Anna Pavord’s The Curious Gardener: A Review

‘It’s a kind of obsession, but golly, it’s the best of all obsessions.’*

I confess I had never heard of Anna Pavord until I received this book as a gift from my mother-in-law, but I have since learned she has been gardening correspondent for the Independent since the paper was founded in 1986 and is the former chair of the National Trust’s Gardens panel, author of several books and recipient of the RHS’s Veitch Memorial Medal for outstanding contribution to the advancement of horticulture. So, she knows more than a thing or two about gardening.

The book, subtitled A Year in the Garden is structured around twelve chapters, each representing a month of the year. Each chapter is a collection of (usually) monthly-applicable articles from her back-catalogue, ending with a list of ‘tasks for the month’ divided into ‘general’, ‘flowers’, ‘vegetables’, ‘fruit’ and ‘propagating’.

I don’t often read non-fiction for leisure, but this book, being an unusual combination of reference book, memoir, advice column, garden diary and biography of great gardeners, with some travel writing thrown in, really drew me in.

The style is conversational, down-to-earth and personal, yet informative. Topics are covered not in their entirety, but from the personal viewpoint of an experienced gardener who has tried and tested many things and is sharing the benefits of her knowledge. So if you’re looking for a full list of every type of tomato and its pros and cons, this isn’t the source, but you could probably go a lot further wrong than heeding her advice on which to grow for cooking for example, and interestingly that over-feeding and watering produces leafy growth at the expense of fruit for these plants native of South America where they grow in dry, poor ground.

I read through it as you would a novel rather than a reference book, i.e. from cover to cover in a few sittings, but I’ve found it also warrants going back to each month throughout the year, both to give a sense of the delights of the month to come, and to rev-visit the list of tasks for some helpful pointers- hence the sticky notes proliferating in my copy.

This isn’t intended as a ‘comprehensive’ reference book. Most of the significant aspects of gardening are covered in one way or another, but it is best read by ambling through the year with the author, stumbling across the topics in the appropriate month or months. For example, tulips might be discussed both in April when they’re in flower and in November when they should be planted.


I did learn some very useful tips, including: that ‘Rugosa’ roses are resistant to blackspot and mildew; which type of traditional apple to buy for best flavour; which are the best trees to plant for year-round interest in a small garden; and what to grow on a north-facing wall. None of these are ground-breaking topics, I freely admit, but the gentle sharing of advice was based on personal experience of the kinds of triumphs and disasters we all experience in our gardens, rather than being a desk-researched compendium of other secondary sources of advice, as are some of the more formal ‘reference’ books.

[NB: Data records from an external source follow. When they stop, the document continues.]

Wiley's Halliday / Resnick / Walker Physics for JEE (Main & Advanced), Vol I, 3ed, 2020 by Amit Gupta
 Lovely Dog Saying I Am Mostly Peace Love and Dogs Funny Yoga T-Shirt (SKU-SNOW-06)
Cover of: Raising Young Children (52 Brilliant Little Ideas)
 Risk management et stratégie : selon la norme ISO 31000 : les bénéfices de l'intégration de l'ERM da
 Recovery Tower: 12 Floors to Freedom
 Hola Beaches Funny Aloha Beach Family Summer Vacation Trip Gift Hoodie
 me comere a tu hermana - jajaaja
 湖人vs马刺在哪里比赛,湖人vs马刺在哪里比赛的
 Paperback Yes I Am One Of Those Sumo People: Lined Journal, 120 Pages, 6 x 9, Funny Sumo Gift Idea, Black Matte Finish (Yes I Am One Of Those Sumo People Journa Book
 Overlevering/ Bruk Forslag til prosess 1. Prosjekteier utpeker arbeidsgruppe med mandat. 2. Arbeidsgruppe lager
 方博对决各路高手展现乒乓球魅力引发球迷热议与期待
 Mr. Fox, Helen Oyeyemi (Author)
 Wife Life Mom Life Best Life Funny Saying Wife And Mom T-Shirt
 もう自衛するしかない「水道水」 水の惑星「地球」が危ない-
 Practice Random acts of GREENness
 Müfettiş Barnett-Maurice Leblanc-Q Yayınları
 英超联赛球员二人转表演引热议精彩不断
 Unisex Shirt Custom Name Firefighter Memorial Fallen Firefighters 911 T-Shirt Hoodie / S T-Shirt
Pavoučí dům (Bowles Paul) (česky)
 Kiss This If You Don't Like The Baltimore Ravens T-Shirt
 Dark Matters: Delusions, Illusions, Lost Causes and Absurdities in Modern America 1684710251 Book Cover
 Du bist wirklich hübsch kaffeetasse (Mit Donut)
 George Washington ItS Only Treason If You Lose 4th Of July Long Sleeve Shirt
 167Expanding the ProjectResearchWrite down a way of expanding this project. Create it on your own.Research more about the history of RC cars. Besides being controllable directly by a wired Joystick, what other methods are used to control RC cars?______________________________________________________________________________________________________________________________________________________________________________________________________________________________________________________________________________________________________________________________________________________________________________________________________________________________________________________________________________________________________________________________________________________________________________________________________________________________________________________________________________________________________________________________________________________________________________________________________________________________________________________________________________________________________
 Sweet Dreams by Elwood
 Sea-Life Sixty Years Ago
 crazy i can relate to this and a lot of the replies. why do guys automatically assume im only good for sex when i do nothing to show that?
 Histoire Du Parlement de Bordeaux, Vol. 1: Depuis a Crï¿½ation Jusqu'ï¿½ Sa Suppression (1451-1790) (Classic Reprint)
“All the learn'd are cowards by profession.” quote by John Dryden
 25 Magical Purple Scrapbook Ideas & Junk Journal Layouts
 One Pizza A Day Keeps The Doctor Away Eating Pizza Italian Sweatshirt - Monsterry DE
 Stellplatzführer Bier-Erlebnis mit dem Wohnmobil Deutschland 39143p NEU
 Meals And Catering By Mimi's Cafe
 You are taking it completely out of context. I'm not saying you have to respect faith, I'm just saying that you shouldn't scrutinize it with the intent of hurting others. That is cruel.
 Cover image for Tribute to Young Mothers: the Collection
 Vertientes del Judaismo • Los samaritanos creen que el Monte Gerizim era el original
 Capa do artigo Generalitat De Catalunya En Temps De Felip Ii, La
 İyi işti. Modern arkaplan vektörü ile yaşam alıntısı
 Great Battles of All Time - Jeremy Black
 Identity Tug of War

The enjoyment of reading this book is not only in picking up helpful hints, but in the way it evokes the changing moods of each month and of the passing of the year in the garden. It reminds you to stop and appreciate what’s good about every single month of the year- and that there’s always some gardening you can be doing- and reading this passage from the March chapter in the depths of winter, for example, would lift the spirits of any gardener as they remember what they have to look forward to;

‘The best trick [the garden] plays, at this time of year, is that you never quite remember how it’s going to be, that first day you go outside and can stay outside all day, fiddling about with jobs that aren’t pressing enough to weigh heavily, but will nevertheless pay dividends’ 

The gardener is not always as interesting as their garden, but I found a few hours in Anna Pavord’s company to be very pleasant, and the little insights into her family Christmases and the trials and tribulations of growing spring flowers for her daughter’s wedding in a year where everything bloomed early very enjoyable.


*If you’re reading in the UK (and possibly further afield if the BBC allows it) for the next 25 days you can listen online to the recent BBC Radio 3 broadcast with Anna Pavord, in which she said this, and much more, about the joys of gardening and landscapes.